This paper describes how the fracture model for Ahmadi was incorporated into a single and dual porosity simulation model. It highlights the approach and methodology that has been used for understanding the reservoir connectivity and its drive mechanism. In addition, the effect of dual porosity model in improving the initial history match of the reservoir performance and its recovery mechanism has been studied.
The two Ahmadi carbonate reservoirs in Bahrain Field (Aa and Ab) are thin, highly faulted and irregularly-fractured. The complexity of these reservoirs has prevented an efficient recovery with average production of wells to 15 Bopd. This has prompted a detailed integrated study to fully understand the recovery mechanism and to increase the wells' productivity.
A conceptual model has been developed for the reservoir connectivity of Ahmadi reservoirs by integrating static and dynamic data. This comprehensive study that integrates transient welltesting and production data with cores and image logs to map fracture network derived using seismic facies has resulted in improving the understanding of reservoir connectivity and flow mechanism. This was accomplished by building Discrete Fracture Model (DFN) that was tuned and validated using sector local well test models to match KH and pressure responses.
In order to reduce uncertainties in the model, different scenarios were built for different fracture intensity and aperture to derive appropriate parameters to pass to reservoir simulator for full field simulation. DFN model output was used in both single and dual porosity models to obtain production performance of the reservoirs.
The Bahrain Field lies beneath the center of Bahrain Island, to the east of Dammanm field and to the west of the Qatar arch (figure-1).

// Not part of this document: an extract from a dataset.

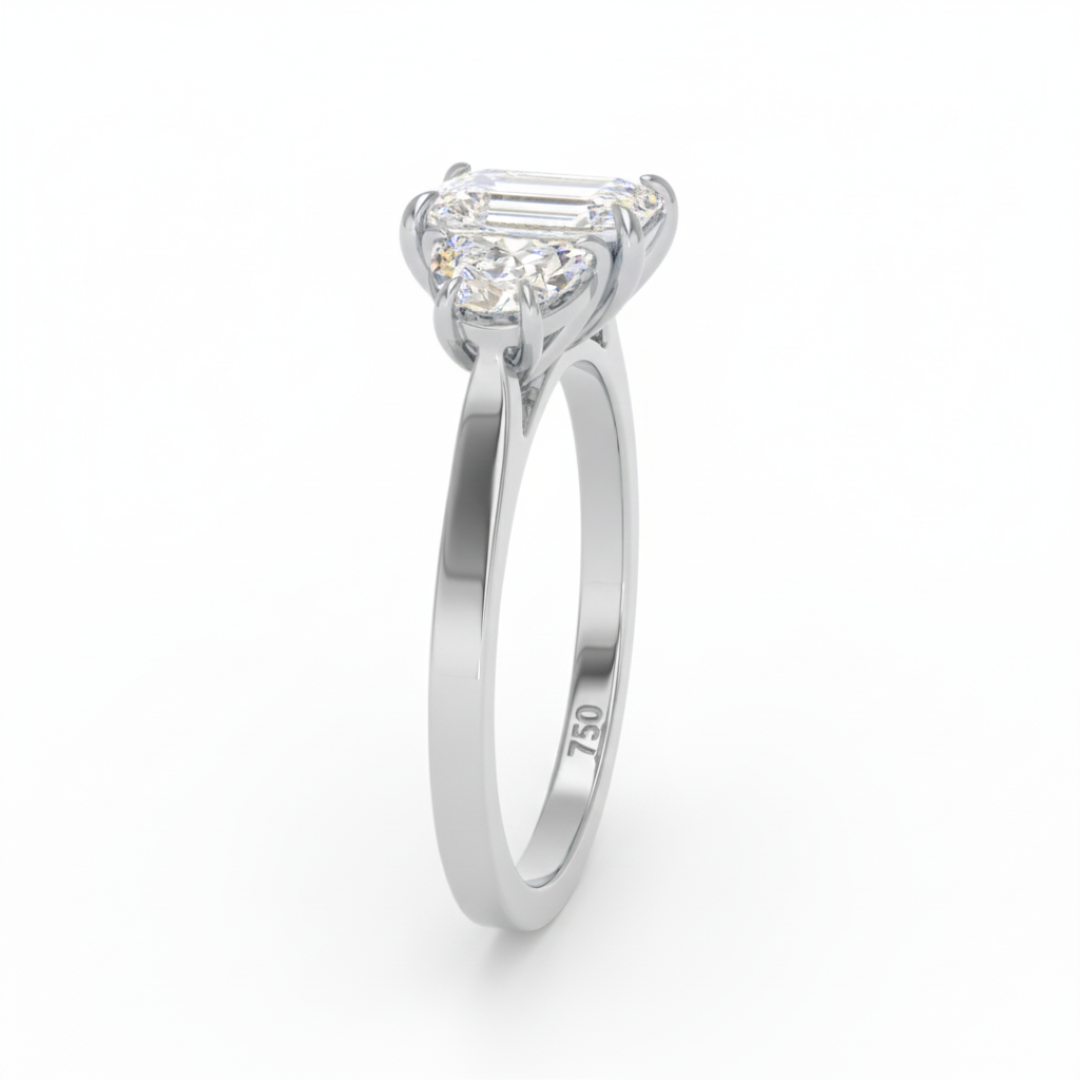 Kamala Emerald Cut Diamond Engagement Ring with Half Moon Cut Sides Diamonds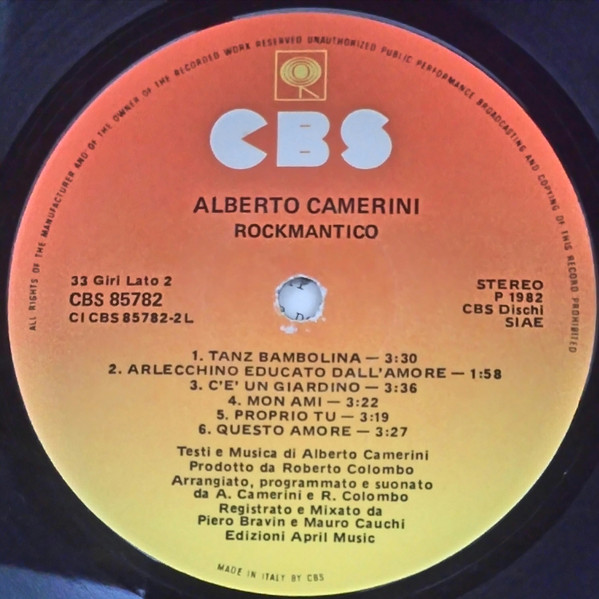 Alberto Camerini - Rockmantico | CBS (CBS 85782) - 4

The Bahrain field was discovered in 1932 and is the oldest field in the southern part of the Arabian Gulf. The broad geological structure of the Bahrain field reservoirs consists of an asymmetrical anticline that is elongated in the north-south (N-S) direction. The fault pattern is characterized by a N-S graben with extensional faults along the crest of the dome. Additional set of later-formed NW- trending faults was seen on the flanks of the reservoir. Geology of the field is complex with a large number of faults occurring in the Wasia group formations, which contain the major oil reservoir of Bahrain field, the Mauddud reservoir. Another important member in this group is the Ahmadi formation, consisting of two reservoirs, Aa and Ab. These reservoirs are considered to be some of the most difficult reservoirs in the Bahrain field in terms of productivity.
The Aa and Ab reservoirs are thin Middle cretaceous limestone units in the Cenomanian Ahmadi Formation. They are composed of a variety of marine carbonates and mudstones and separated by about 50 ft of shale 1. They exist at a depth of 1900 ft as shown in the Bahrain Stratigraphic Column (figure-2).